David Baddiel's first stand-up show in 15 years, Fame: Not The Musical, is currently touring, following a critically-acclaimed run at the Edinburgh Festival. The show acts as a complete deconstruction of his own fame and our culture’s obsession with fame in general.
David's 2012 novel, The Death of Eli Gold, followed his three critically acclaimed previous titles: Time For Bed, Whatever Love Means, and The Secret Purposes. David also wrote the successful feel-good comedy, The Infidel. Starring Omid Djalili, Richard Schiff, Matt Lucas, and Miranda Hart, The Infidel follows Mahmud Nasir, loving husband, doting father, and something of a "relaxed" Muslim who's world is turned upside down when his birth certificate reveals that not only was he adopted at birth…but he’s Jewish, and his real name is Solly Shimshillewitz. The film received a glut of four star reviews and was hailed as "the Summer’s funniest film" by Andrew O’Hagan of The Evening Standard. This year sees David's new TV series, sit.com, hit the small screen. Sit.com is a traditional family sitcom, but with a twist: it will show the way we live now with so much technology infiltrating the family home. David has also directed the pilot.

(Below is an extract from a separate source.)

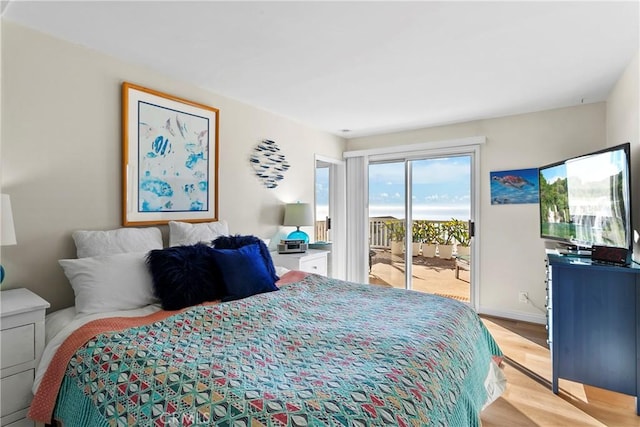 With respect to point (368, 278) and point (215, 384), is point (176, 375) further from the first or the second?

In 2010, David reunited with Frank Skinner to record a brand new series of podcasts for Absolute Radio throughout the FIFA World Cup, four years after they launched the World Cup’s first ever podcasts which were downloaded by over 1 million listeners and nominated for a Sony Radio Academy Award. Together with Frank, David created and presented Fantasy Football on BBC Two and ITV 1 and Baddiel & Skinner Unplanned on ITV 1 while also, alongside the Lightning Seeds, attaining three number one hits with the football anthem, Three Lions. In addition, he wrote and starred in his own sitcom, Baddiel's Syndrome on Sky One.
David has also hosted two series of his topical Radio 4 show, Heresy, which saw a team of three highly opinionated guests use their wit, wisdom, and verbal dexterity to argue against popular prejudice and overthrow received opinion; in November 2007, he screened his documentary, Baddiel and the Missing Millions, on BBC One.
David is one of the country’s most successful post-alternative comedians and is responsible for some of the most memorable and groundbreaking comedy achievements of the last twenty years. In 1992, he performed to 12,500 people with Rob Newman in the UK’s first ever arena comedy show and was credited as turning comedy into "The New Rock’n’Roll" long before arena comedy gigs became commonplace. This followed the hit TV shows The Mary Whitehouse Experience and Newman and Baddiel in Pieces.